Jan 23, 2011, 07:27 pm Last Edit: Jan 23, 2011, 07:36 pm by focalist Reason: 1
Well, I've been looking at Sam Wasserman's strobe pages and links frome there, one of which details the modification of a kodak max disposable camera flash, by replacement of the storage cap- from 160uf to a 5uf (chosen because the author had it in junk box), resulting in a power reduction (duration reduction) to 1/36th the original.  He goes on to make a repeating strobe, but for the purposes I need, simply the reduction in flash duration is all that is needed.  For most photography, you'd like a longer flash duration.  For this, the power isn't as important as the speed.

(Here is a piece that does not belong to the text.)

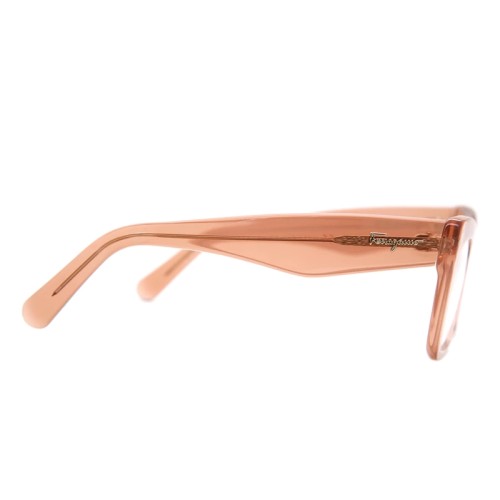 Salvatore Ferragamo SF2865 - 749 - 55 Cadres optiques Rose, Transparent Œil de chat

Excellent discussion of abuse of strobes in general:http://repairfaq.cis.upenn.edu/sam/strbfaq.htm#strbnsc

Assuming we are talking typical cheapo, that's a 1ms strobe.. which already is faster (lower power) than the studio flash.  If the result is real- 36 times faster - that's a VERY usable interval.

For stop-motion, you don't need a ton of light- but you need that light to come on and off VERY fast.

What you've suggested is called a quenching circuit, and it's what is used in high-end strobes costing thousands... the damping circuit to interrupt the arc takes HUGE energy dissapation, methinks..
When the testing is complete there will be... cake.


I would think high power LEDs is the way to go
you have to watch colour temp as they are very monochromatic
(can you be slightly monochromatic?)

the big plus is you shoud be able to fire them rapidly and often with very little circuitry
there are only 10 types of people
them that understands binary
and them that doesn't


Jan 23, 2011, 07:44 pm Last Edit: Jan 23, 2011, 08:11 pm by focalist Reason: 1
Well, I now have a reason to rip apart something I've been using for less nefarious purposes... Home depot sells a 10w CREE LED light- warm white, 2700K, CRI in the high 80's.  I got one and have been using it as a great little portable modeling light.  Coupled with a pair of Interfit 150's and some creative reflector work, it makes for a cheap (under $350) and very usable portable portrait "studio" setup.  I recently posted some shots taken with the CREE LED light.

However, there is a significant delay between applying power and the led actually striking.. enough that it's noticable.  I'm sure that's a function of the driver circuit.

I *should* be able to place some type of control circuit in the works, and be able to use it... yet another hack to try ;)

Here's a shot from that series.  No strobes were used for this shot, it was "Rembrandt" lit 45 degrees off subject on both sides with 75w of halogen at about three feet through silk softboxes for fill.. but the main direct lighting is that 10w CREE.  It's quite visible in the shadow tones and uplighting.. the halogens are at her eye level.  If anything, it's a bit too deep in rendering of the reds...  I am not displeased with the rendering, it works really well if used in concert with more standard light sources.

When the testing is complete there will be... cake.